(Instructions for the task)
Please retype the entries that follow exactly as they are, leaving the images behind.

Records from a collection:
▬▬▬▬▬▬

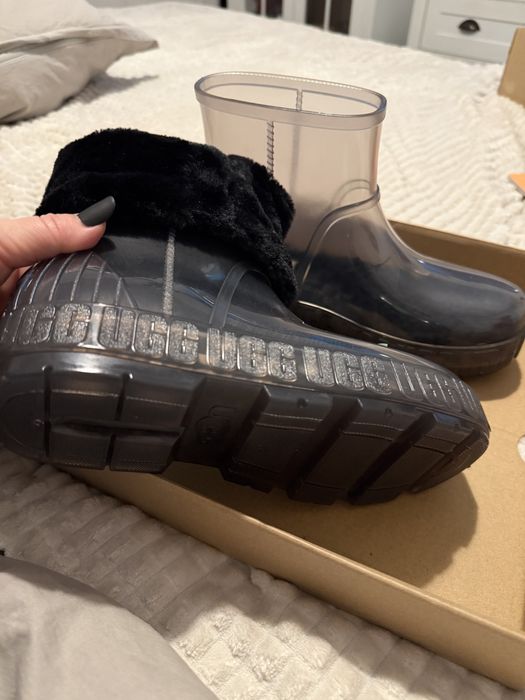 Cizme Ugg noi marimea 38 se pot purta si fara blanita
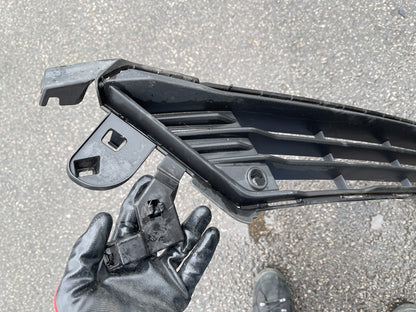 GENUINE Middle front grill Volvo v60 s60 pdc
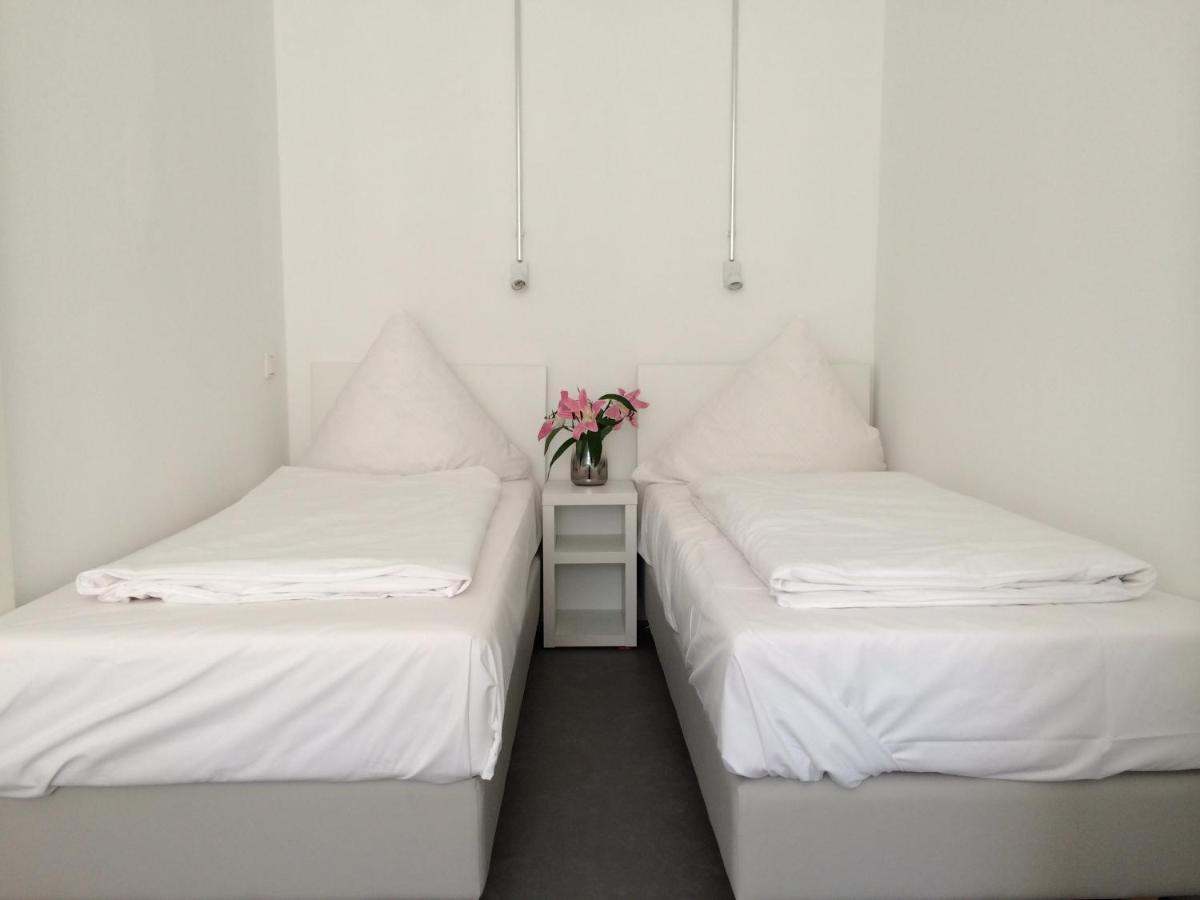 Apartment&Rooms Near Brandenburg Gate Berlin Exterior photo
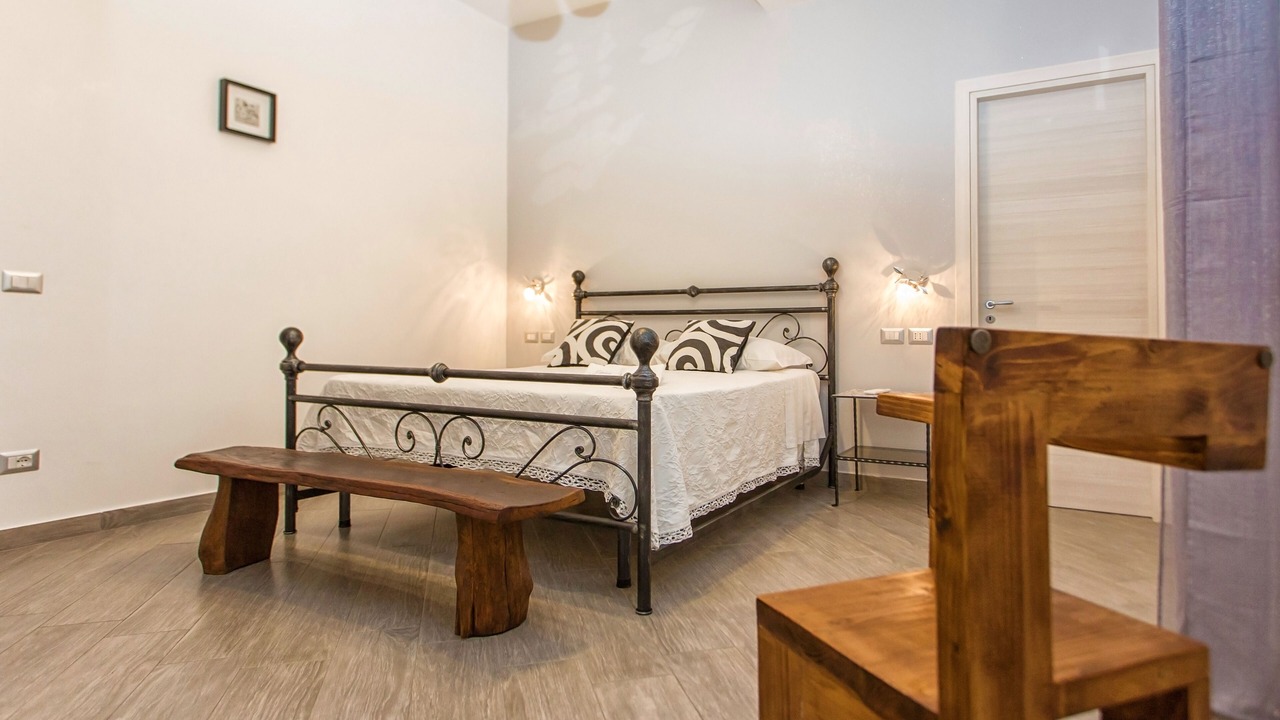 Photo of Bedroom in Furore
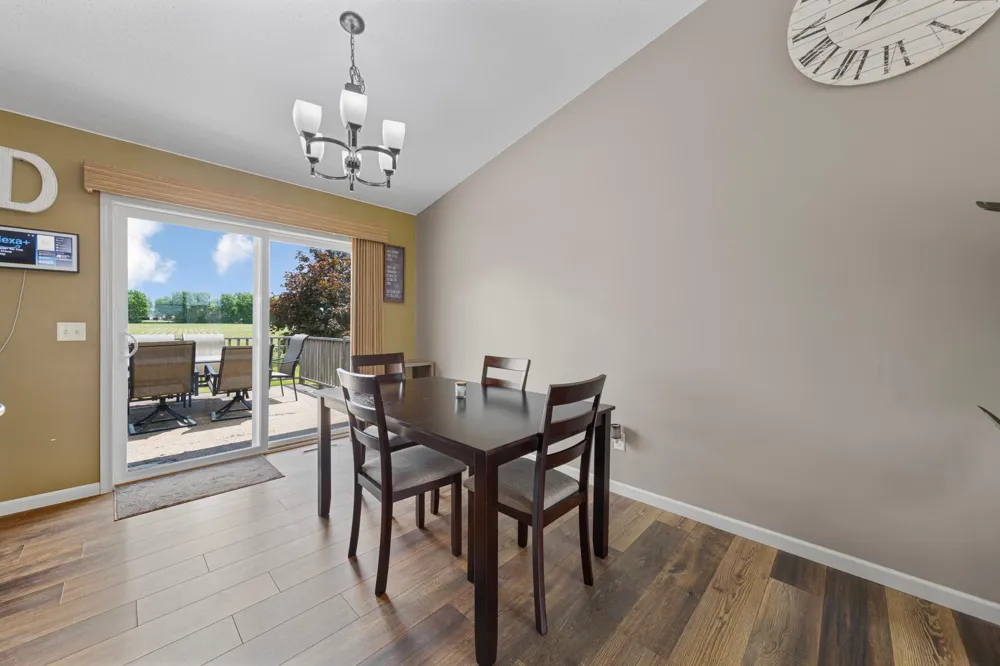 315 Hazeltine Avenue NE Owatonna, MN 55060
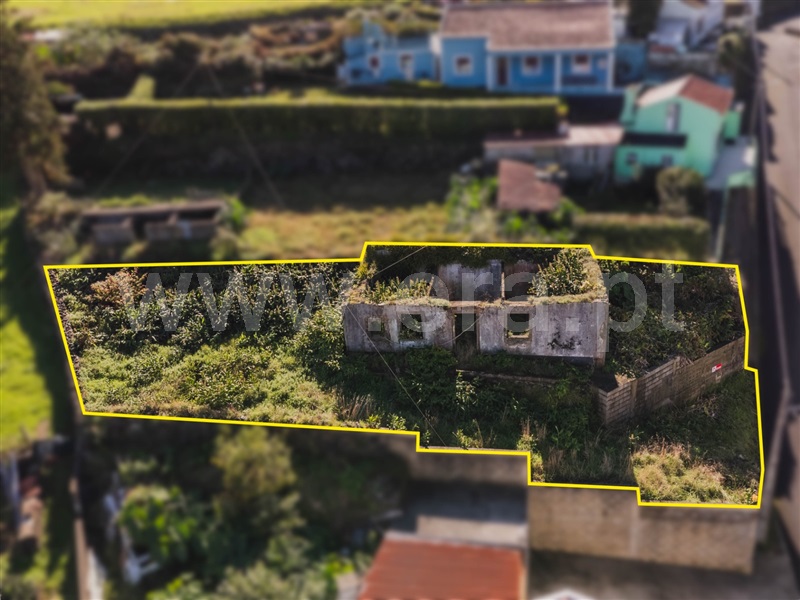 Moradia Rústica Estúdio / Praia da Vitória, Agualva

▬▬▬▬▬▬

(Task answer)
 Cizme Ugg noi marimea 38 se pot purta si fara blanita
 GENUINE Middle front grill Volvo v60 s60 pdc
 Apartment&Rooms Near Brandenburg Gate Berlin Exterior photo
 Photo of Bedroom in Furore
 315 Hazeltine Avenue NE Owatonna, MN 55060
 Moradia Rústica Estúdio / Praia da Vitória, Agualva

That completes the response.